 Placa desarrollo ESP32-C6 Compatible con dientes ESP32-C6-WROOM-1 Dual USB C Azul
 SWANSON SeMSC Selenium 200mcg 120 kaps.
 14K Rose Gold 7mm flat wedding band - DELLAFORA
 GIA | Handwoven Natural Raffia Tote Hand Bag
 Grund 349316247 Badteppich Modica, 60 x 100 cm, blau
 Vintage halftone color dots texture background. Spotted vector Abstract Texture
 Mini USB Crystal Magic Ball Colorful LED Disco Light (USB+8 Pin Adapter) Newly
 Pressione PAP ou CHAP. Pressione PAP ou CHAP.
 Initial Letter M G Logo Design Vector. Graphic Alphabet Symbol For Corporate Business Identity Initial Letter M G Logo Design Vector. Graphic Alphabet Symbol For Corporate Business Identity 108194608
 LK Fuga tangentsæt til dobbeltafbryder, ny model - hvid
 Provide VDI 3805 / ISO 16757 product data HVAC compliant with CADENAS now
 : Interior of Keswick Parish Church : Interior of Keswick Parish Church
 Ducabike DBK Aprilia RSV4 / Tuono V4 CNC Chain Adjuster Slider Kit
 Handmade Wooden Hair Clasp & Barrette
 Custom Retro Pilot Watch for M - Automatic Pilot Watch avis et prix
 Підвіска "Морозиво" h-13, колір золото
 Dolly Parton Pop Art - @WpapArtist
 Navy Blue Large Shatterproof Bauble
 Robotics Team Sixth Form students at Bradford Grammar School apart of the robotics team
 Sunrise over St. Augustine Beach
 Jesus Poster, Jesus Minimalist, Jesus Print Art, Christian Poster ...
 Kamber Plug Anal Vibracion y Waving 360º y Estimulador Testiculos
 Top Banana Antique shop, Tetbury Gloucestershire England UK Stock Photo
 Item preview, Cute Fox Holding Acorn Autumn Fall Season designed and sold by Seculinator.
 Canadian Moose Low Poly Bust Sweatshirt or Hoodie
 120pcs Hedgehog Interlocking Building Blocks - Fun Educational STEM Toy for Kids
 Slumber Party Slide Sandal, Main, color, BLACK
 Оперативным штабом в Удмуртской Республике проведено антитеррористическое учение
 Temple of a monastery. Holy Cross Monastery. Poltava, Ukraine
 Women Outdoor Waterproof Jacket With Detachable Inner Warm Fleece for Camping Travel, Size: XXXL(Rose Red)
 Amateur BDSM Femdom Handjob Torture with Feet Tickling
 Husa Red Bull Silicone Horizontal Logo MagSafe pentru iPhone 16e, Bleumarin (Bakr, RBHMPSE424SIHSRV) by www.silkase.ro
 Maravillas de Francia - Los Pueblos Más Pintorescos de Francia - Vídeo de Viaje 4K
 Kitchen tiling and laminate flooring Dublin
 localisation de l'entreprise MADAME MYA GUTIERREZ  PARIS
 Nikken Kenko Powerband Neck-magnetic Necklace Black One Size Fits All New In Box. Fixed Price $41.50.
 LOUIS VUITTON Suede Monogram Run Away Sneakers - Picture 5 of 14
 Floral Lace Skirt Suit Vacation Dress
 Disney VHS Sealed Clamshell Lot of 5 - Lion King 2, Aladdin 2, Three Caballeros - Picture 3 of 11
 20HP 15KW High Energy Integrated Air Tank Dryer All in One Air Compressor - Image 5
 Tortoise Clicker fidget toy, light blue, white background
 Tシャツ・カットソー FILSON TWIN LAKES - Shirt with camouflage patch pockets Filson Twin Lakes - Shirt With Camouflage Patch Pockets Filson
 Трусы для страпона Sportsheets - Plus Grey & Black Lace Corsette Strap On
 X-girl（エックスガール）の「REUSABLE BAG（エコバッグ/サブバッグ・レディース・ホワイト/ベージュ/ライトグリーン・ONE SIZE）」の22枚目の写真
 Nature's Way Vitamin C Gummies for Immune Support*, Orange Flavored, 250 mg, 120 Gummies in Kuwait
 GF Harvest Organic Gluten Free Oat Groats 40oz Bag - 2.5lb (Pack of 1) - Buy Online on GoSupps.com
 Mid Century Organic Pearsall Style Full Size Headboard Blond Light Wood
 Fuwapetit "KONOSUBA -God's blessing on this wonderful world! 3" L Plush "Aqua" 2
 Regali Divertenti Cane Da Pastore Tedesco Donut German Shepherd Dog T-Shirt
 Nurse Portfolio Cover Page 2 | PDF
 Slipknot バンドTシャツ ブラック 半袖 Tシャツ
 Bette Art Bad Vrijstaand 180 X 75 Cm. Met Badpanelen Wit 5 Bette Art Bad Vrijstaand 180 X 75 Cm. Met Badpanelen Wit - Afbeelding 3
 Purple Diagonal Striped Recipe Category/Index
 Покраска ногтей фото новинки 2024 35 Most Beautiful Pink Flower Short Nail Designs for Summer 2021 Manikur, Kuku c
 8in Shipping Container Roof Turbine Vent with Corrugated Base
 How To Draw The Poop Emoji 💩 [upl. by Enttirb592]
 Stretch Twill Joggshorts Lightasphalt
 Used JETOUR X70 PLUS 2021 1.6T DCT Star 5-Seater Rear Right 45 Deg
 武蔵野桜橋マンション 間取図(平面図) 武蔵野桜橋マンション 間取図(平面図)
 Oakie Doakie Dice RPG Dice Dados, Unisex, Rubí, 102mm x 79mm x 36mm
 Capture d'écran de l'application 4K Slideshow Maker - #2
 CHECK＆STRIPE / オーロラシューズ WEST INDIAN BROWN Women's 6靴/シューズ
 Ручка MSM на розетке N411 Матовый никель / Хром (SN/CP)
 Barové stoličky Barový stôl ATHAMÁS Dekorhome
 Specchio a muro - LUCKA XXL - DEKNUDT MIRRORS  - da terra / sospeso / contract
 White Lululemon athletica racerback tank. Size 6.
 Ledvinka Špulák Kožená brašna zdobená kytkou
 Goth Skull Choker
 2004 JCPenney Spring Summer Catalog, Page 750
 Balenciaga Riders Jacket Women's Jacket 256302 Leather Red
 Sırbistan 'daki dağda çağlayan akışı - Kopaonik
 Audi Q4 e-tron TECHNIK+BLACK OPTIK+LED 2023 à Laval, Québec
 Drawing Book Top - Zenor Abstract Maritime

----

* Task *
Reproduce word for word the material above, starting with the line that has "LOUIS VUITTON Suede" and stopping after the line that has "Slipknot バンドTシャツ ブラック 半袖 Tシャツ".

* Exercise result *
 LOUIS VUITTON Suede Monogram Run Away Sneakers - Picture 5 of 14
 Floral Lace Skirt Suit Vacation Dress
 Disney VHS Sealed Clamshell Lot of 5 - Lion King 2, Aladdin 2, Three Caballeros - Picture 3 of 11
 20HP 15KW High Energy Integrated Air Tank Dryer All in One Air Compressor - Image 5
 Tortoise Clicker fidget toy, light blue, white background
 Tシャツ・カットソー FILSON TWIN LAKES - Shirt with camouflage patch pockets Filson Twin Lakes - Shirt With Camouflage Patch Pockets Filson
 Трусы для страпона Sportsheets - Plus Grey & Black Lace Corsette Strap On
 X-girl（エックスガール）の「REUSABLE BAG（エコバッグ/サブバッグ・レディース・ホワイト/ベージュ/ライトグリーン・ONE SIZE）」の22枚目の写真
 Nature's Way Vitamin C Gummies for Immune Support*, Orange Flavored, 250 mg, 120 Gummies in Kuwait
 GF Harvest Organic Gluten Free Oat Groats 40oz Bag - 2.5lb (Pack of 1) - Buy Online on GoSupps.com
 Mid Century Organic Pearsall Style Full Size Headboard Blond Light Wood
 Fuwapetit "KONOSUBA -God's blessing on this wonderful world! 3" L Plush "Aqua" 2
 Regali Divertenti Cane Da Pastore Tedesco Donut German Shepherd Dog T-Shirt
 Nurse Portfolio Cover Page 2 | PDF
 Slipknot バンドTシャツ ブラック 半袖 Tシャツ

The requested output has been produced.